# ReThink Media Twitter API

This notebook is for the development and exploration of code for ReThink Media's Twitter API Python interface. The main goals of this notebook are:

- Search Tweets: query, date (optional)
  - Past seven days
  - Past 30 days
  - Full archive
  - Language = English
- Collect Tweets in .csv file
- Add data visualization
  - Top hashtags, keywords, influencers
  - Volume over time for queries/topics

In [1]:
# importing necessary modules
from dotenv import load_dotenv
import os
import json
import numpy as np
import pandas as pd
import tweepy

load_dotenv()

True

## Authentication

The variables below are what allow access to the Twitter API. I've defined them in a `.env` file, and I'm retrieving them with the code below. We then pass those variables in to a tweepy client in order to instantiate a Twitter API instance.

In [2]:
# retrieving environment variables
consumer_key = os.getenv("API_KEY")
consumer_secret = os.getenv("API_KEY_SECRET")
bearer_token = os.getenv("BEARER_TOKEN")
access_token = os.getenv("ACCESS_TOKEN")
access_secret = os.getenv("ACCESS_SECRET")

In [3]:
# Twitter API authentication
auth = tweepy.OAuthHandler(consumer_key, consumer_secret)
auth.set_access_token(access_token, access_secret)

In [4]:
# instantiating a Twitter API instance
api = tweepy.Client(bearer_token=bearer_token,
                consumer_key=consumer_key,
                consumer_secret=consumer_secret,
                access_token=access_token,
                access_token_secret=access_secret)
api

<tweepy.client.Client at 0x7fc4d6126700>

## Recent Search

The search function available to us in the Standard API package restricts our search to the past seven days. For searches further back in the archive, we need to upgrade to the Academic API package, which is given to researchers with a clear thesis or research paper goal in mind.

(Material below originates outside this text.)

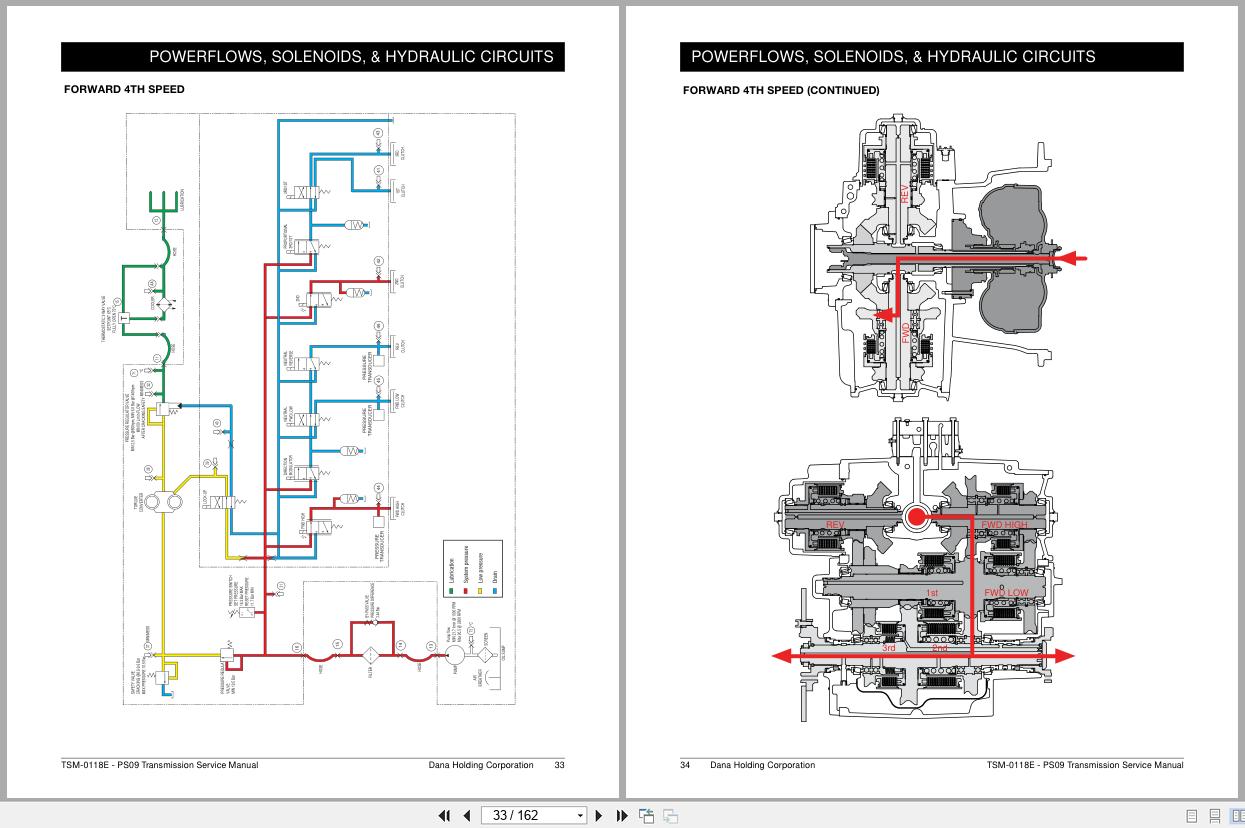 Manitou Gear Box Series PS09 Repair Manual MR647174EN 2014 2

The query can be 512 characters maximum, and the user can specify a `start_time` and `end_time` (as `datetime` or `str` objects) within the past seven days. The user can also search for hashtags as well. The default behavior for white space is "AND" joins, e.g., hello world = hello AND world. More information about Twitter API queries can be found [in their documentation](https://developer.twitter.com/en/docs/twitter-api/tweets/search/integrate/build-a-query).

In [24]:
# searching for "hello world" over the past seven days.
response = api.search_recent_tweets(query="hello world lang:en", max_results=20)

The `response` object is a tuple, and it consists of four items: `(data, includes, errors, meta)`.

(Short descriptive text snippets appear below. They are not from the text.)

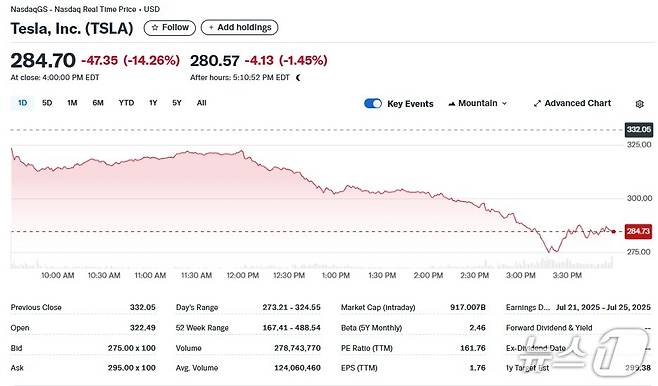 테슬라 일일 주가추이 - 야후 파이낸스 갈무리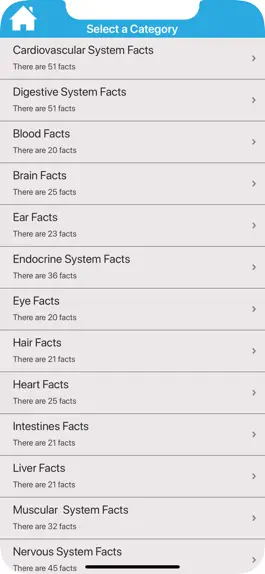 Game screenshot Cool Anatomy Facts apk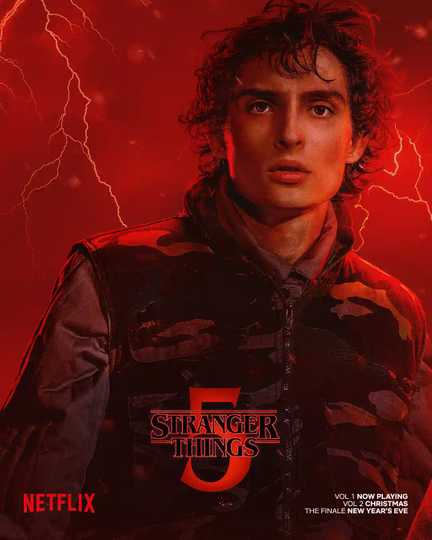 Stranger Things Season 5 Vol. 2 - Finn Wolfhard Character Poster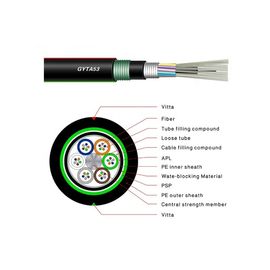 HDPE Çift Kılıflı GYTA53/GYTS53 Tek Modlu Zırhlı, Doğrudan Gömülü Dış Mekan Fiber Optik Kablo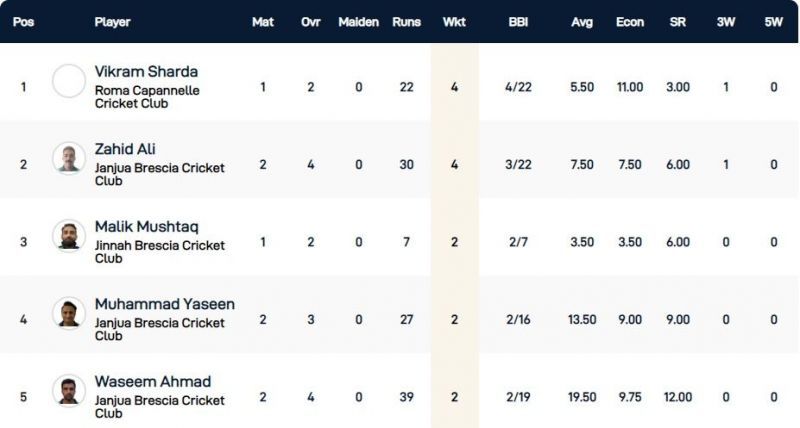 Rome T10 League Highest Wicket-takers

The `data` object contains the Tweets that are retrieved, and `meta` is the metadata for those Tweets. In this reponse object, `includes` and `errors` are empty, so I'm not sure what `includes` is yet.

In [25]:
# printing Tweets
for i in range(len(response[0])):
    print(f"Tweet {i}:")
    print(response[0][i]['text']+"\n")

Tweet 0:
RT @Cryptorio_: Hello World !!!
#DeFi #BSC #MATIC #Solana #ETH #BTC

Tweet 1:
RT @SB19Official: 🎉 #SB19xATINAnnivMonth

Hello to all A'TIN all around the world 💙

We are glad to announce that we will be celebrating ou…

Tweet 2:
RT @RoseandPom: Hello there friends! It would mean a lot to me if you went and voted for my piece in this contest. My grandparents on both…

Tweet 3:
RT @Cryptorio_: Hello World !!!
#DeFi #BSC #MATIC #Solana #ETH #BTC

Tweet 4:
RT @bakedonline: Our holiday priced at 800 dollars a night ! (95k for 7 nights) but get it at a fraction of the price with my code “AISHABA…

Tweet 5:
@nonfungibles Hello/Hola
This a gamified NFT Collection consisting of 13 portraits of world-famous Mexican Rockstars and 87 NFTs. Check road map https://t.co/ZcLPdbNSem 
We would like to Give away one NFT during your show is that possible? Comment your wallet if so. https://t.co/bynKdbYANK Thx

Tweet 6:
RT @SB19Official: 🎉 #SB19xATINAnnivMonth

Hello to all A'TIN all around the wo

In [19]:
# printing metadata for Tweets in response
response[3]

{'newest_id': '1450507333193306117',
 'oldest_id': '1450506728676605953',
 'result_count': 20,
 'next_token': 'b26v89c19zqg8o3fpdv5skjzm2z5nknp5rxgzkxxnakxp'}

## Stream

A Stream is an object that can filter and sample realtime Tweets.

In [11]:
# instantiating Stream object
stream = tweepy.Stream(consumer_key, consumer_secret, access_token, access_secret)
stream

<tweepy.streaming.Stream at 0x7fc4d6038130>

In [17]:
stream.sample(languages=["en"])

KeyboardInterrupt: